CoT is a prompt technique — the model externalizes its intermediate steps. Reasoning models (OpenAI o1, o3, Claude 3.5 Sonnet Thinking) have reasoning baked in internally, often running for several seconds, and show you only the final result. With reasoning models, CoT is often redundant.
What is Self-Consistency and when should I use it?
You run the same CoT prompt three to five times and take the most frequent answer. That compensates for the probabilistic nature of LLMs — especially for critical decisions with one clear solution.
How much more expensive does CoT get in API usage?
Significantly — because more tokens are generated. Expect 3–5x output tokens. With Self-Consistency additionally multiplied by the number of runs. Concrete math: GPT-4o in 2026 costs around $2.50 per million output tokens — five CoT runs at 500 tokens each cost about $0.006 per query.
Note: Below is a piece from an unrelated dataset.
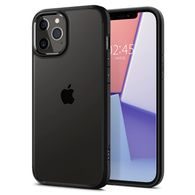 Obal / kryt pre Apple iPhone 12 / iPhone 12 Pro (6,1") čierne - Spigen Ultra Hybrid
What are the most common CoT mistakes?
The top three: (1) 'Let's think step by step' without concrete framing — often no longer needed, and sometimes leads to endless monologues. (2) CoT on simple factual queries — creates noise. (3) No structured closing prompt ('summarize in one sentence') — output becomes rambling.
What comes after CoT — which technique will replace it?
Tree-of-Thoughts (ToT) is the next step: the model explores multiple reasoning paths in parallel and picks the best one. Still too expensive for daily enterprise use. In 2026 we are in the phase where CoT is the standard, ToT reserved for critical individual decisions.